In this video, Entrepreneur editor in chief Jason Feifer reveals strategies for getting press coverage.
4 min read
Every entrepreneur wants press, but few understand how to reach out to a reporter and frame their story in a way that’ll get attention. In this video, Entrepreneur editor in chief Jason Feifer digs into his career — and his inbox! — to provide a useful and revealing guide to what journalists think, what they’re looking for and how to develop a press strategy that really works.
Here are three big takeaways from the discussion:
1. Understand who you’re contacting
You don’t pitch a consumer without understanding their needs, and you don’t pitch an investor without studying what they’re looking for. The same must be true for journalists. To properly connect with them, you need to understand what motivates them. And here’s the most important answer: A journalist’s job is to serve their readers (or listeners or viewers), so they’re always looking for stories and insights that’ll provide value to that audience.

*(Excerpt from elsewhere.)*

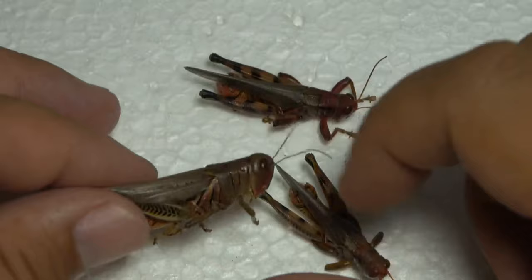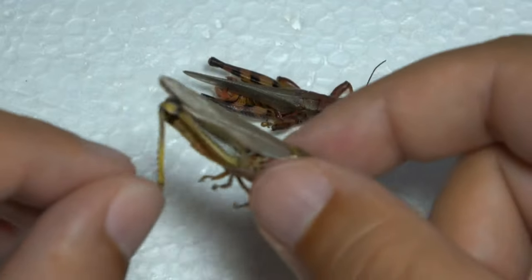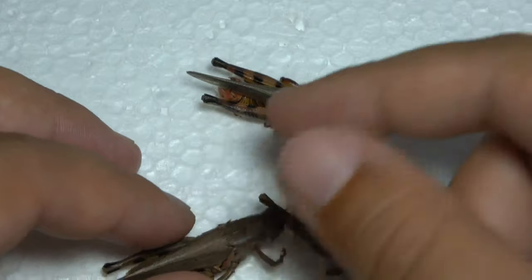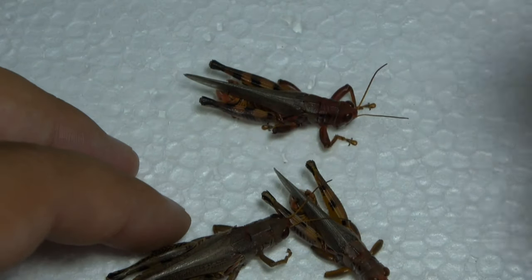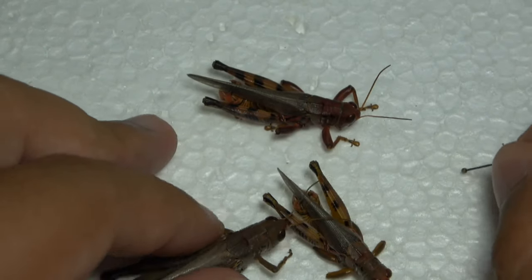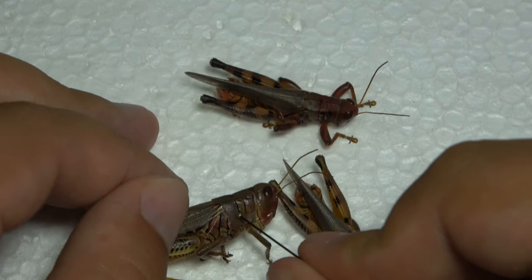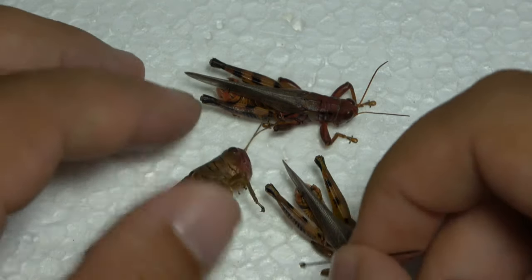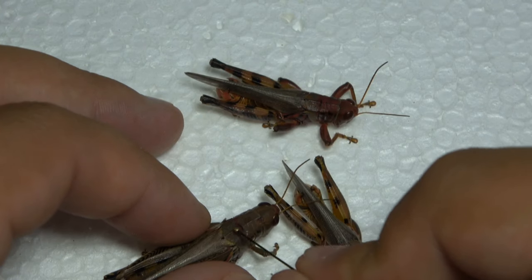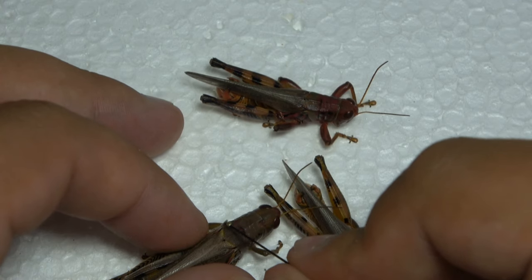So here I just got a nice grasshopper. Pinning grasshoppers, katydids, and crickets is straightforward and easy, like pretty much all other insects. You have the head, the thorax, and then the abdomen. This plate right here between the head and the start of the wings is called the pronotum, and that's where you want to pin orthopterans.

What’s the best way to get their attention? Study their work! Carefully read a publication and think about how it tells stories, what information it provides, and the way it speaks to its audience. This will give you a lot of insight about how best to pitch your story. If you can frame your story in a way that fits a publication’s needs, you’ll increase your chances fo success.
2. Be strategic with your outreach
Before you reach out to media, ask yourself: What do I need press for? You should have a good answer to this. Maybe you need press to drive awareness about a new product, or to boost your profile before approaching investors. These are all good reasons.

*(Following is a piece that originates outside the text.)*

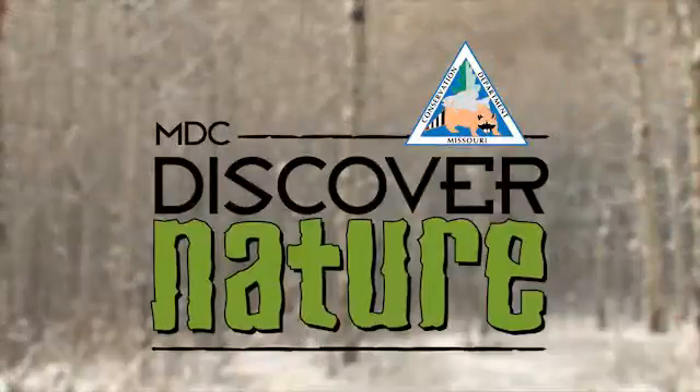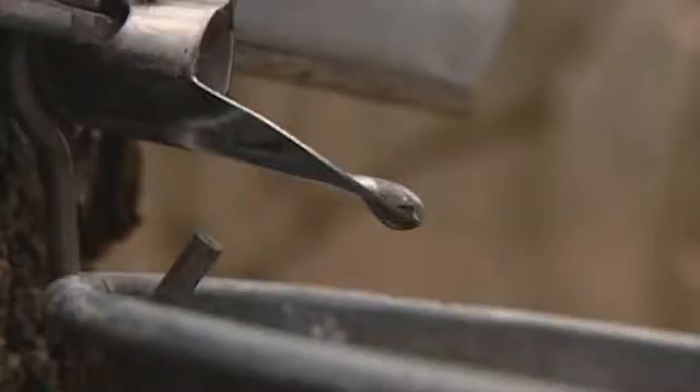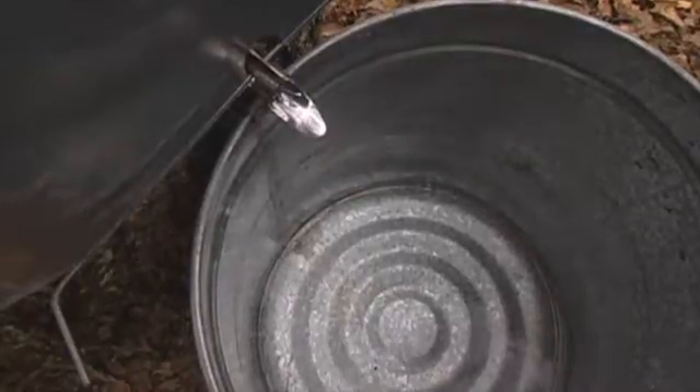The Missouri Department of Conservation encourages you to discover nature and tap into a sweet treat under the bark of maple trees. From mid-January to the end of February, sap within sugar maple trees begins to flow, ready to be tapped for making syrup.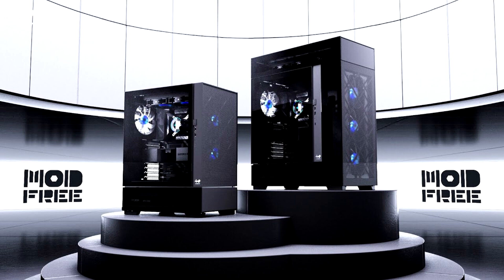NWIN offers a Base Edition preset featuring Mod-1 and Mod-2 modules along with three NWIN Jupiter AJ140 ARGB case fans. The Deluxe Edition preset comes with Mod-1, Mod-2, and two Mod-3 modules, and four Jupiter AJ140 fans.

What are bad reasons? Some entrepreneurs pursue press because they feel like they’re supposed to, or that they’ve earned the attention, or because they always imagined themselves in Entrepreneur (or some other publication). If this is how you’re thinking, then stop looking for press and spend your time more wisely! Press is a tool, just like raising money. You should only pursue it when there’s a clear need. Otherwise you’re wasting your time — and entrepreneurs don’t have time to waste.

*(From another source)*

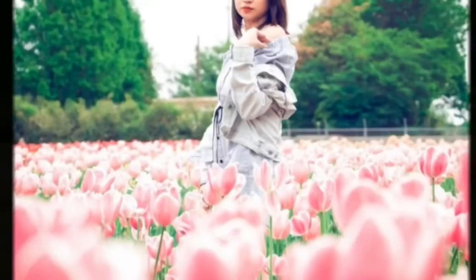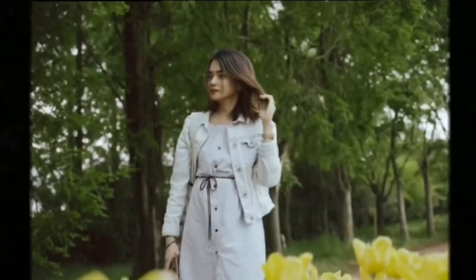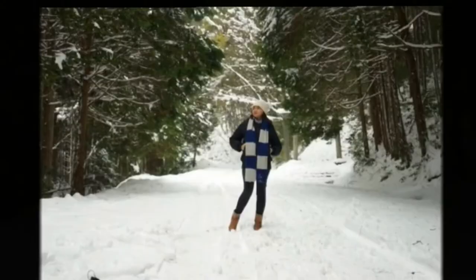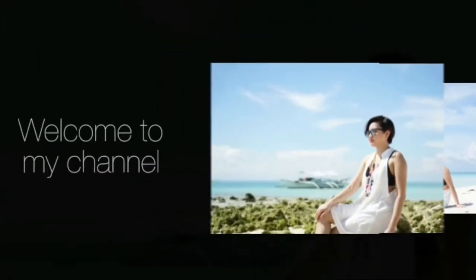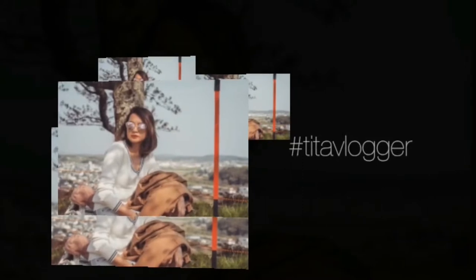Hi guys, welcome back to my channel. This is Madin, your Tito Vlogger. And today, I will be presenting a product review about the Lescolton iSchool Series Home Pulse Light Professional Hair Removal Device.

3. If you hire a publicist, choose wisely
You don’t need a publicist; it’s possible to get press on your own. But a publicist can certainly save you a lot of time and hassle. Their job is to help you tell your story and connect with journalists who might be interested in you. However, they have no control over whether you actually get coverage. The best they can do is make connections and position you for success. If a publicist guarantees you press coverage, do not hire them. They’re likely up to no good.
If you want to hire a publicist, here’s the most important thing to know: Some publicists are great, but many are terrible at their jobs. The difference is that great publicists build relationships, and terrible ones just send a lot of email. How can you tell them apart? Do your homework! Ask a publicist for a detailed proposal, talk to their existing and former clients, and investigate to make sure they have experience with the industry you work in. You want to understand how this person operates, who they have strong relationships with, and whether they’ll truly understand you and your story.